There have been already several instances where either magnesium, silicon or beryllium (or some combination thereof) was combined with aluminum and the recrystallization behavior, work-hardening property, crystalline grain size and electric conductivity, etc. of the product were investigated and reported. In all of these instances, however, the castings and age-hardening properties were of primary concern.

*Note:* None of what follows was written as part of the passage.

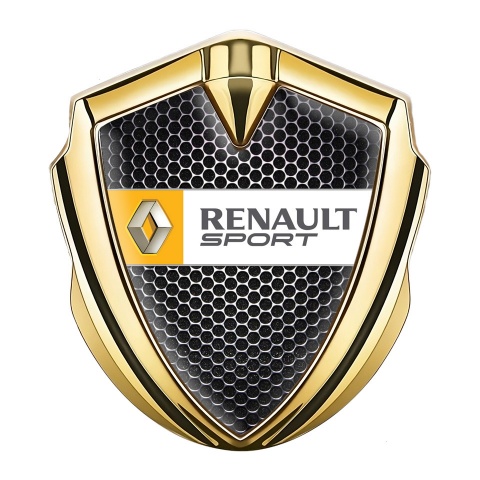 Renault 3d Emblem Badge Gold Dark Grate Orange Sport Edition
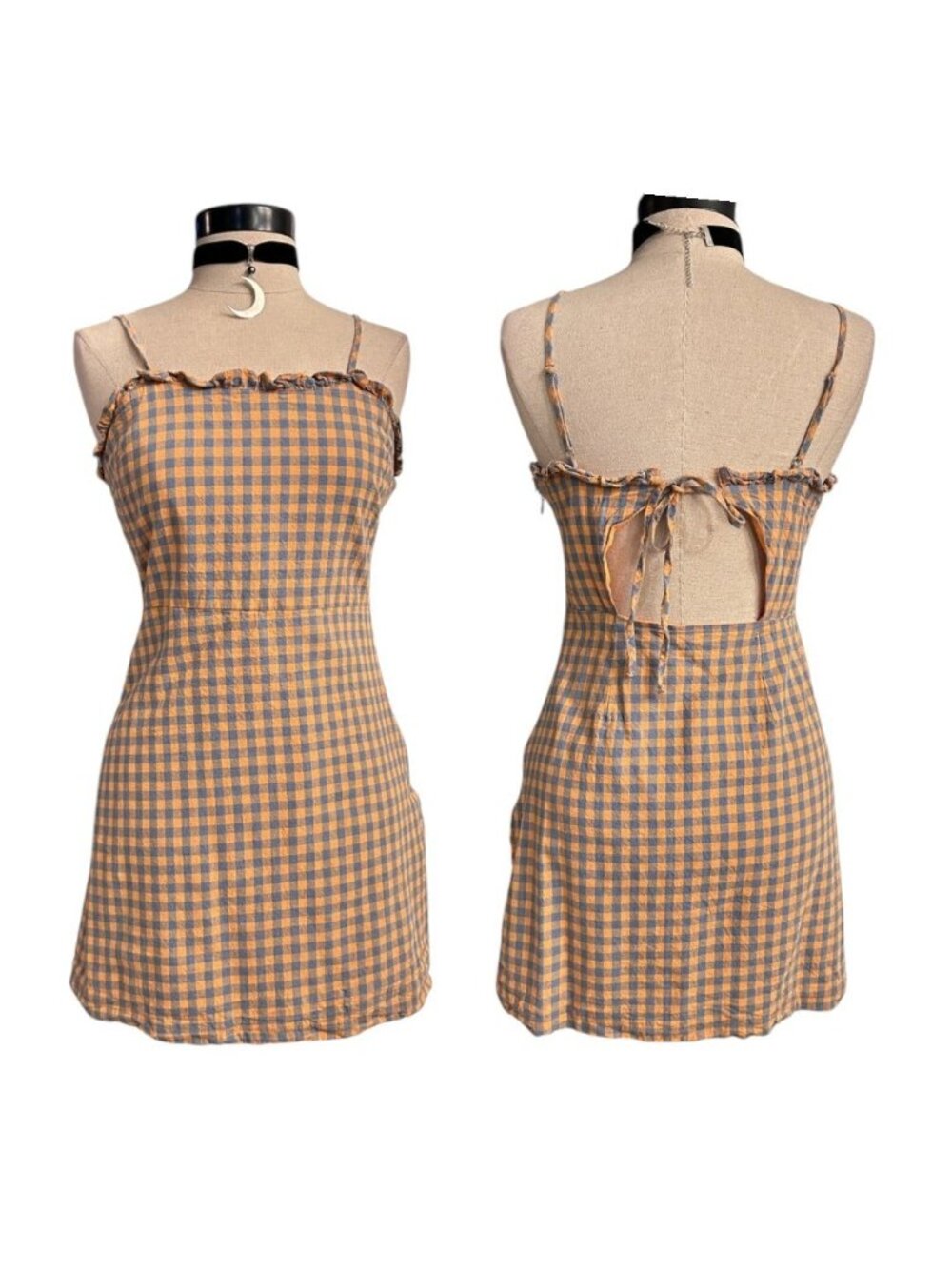 Gingham Mini Dress Ruffle Open Back Cotton Coastal Cowgirl Summer Spring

There has been no report in which such overall properties as electric conductivity, ductility and mechanical strength of the annealed or one quarter hardened material by continuous annealing methods were discussed.

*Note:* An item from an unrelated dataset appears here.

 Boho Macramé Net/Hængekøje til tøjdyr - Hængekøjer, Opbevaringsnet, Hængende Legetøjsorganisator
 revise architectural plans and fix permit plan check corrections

This invention pertains to an aluminum alloy for electric conductors which is characterized in that it is an alloy consisting of 0.05 - 0.25% magnesium, 0.05 - 0.25% silicon, 0.0005 - 0.3% beryllium and the balance aluminum, and with the additional relationship of Mg + Si > 0.30% existing between the quantities of magnesium and silicon contained therein.
The alloy of this invention provides an aluminum alloy for electric conductors, by continuous annealing methods, which satisfies the requirements for electric conductivity of 60% IACS or more and which in addition has excellent strength and ductility. The reason why the magnesium content is specified here to be approximately 0.05 - 0.25% is that if it is 0.04% or less, it has little effect in improving the strength, and if it is 0.26% or more, the electric conductivity reduces to below 60% IACS after continuous annealing treatment.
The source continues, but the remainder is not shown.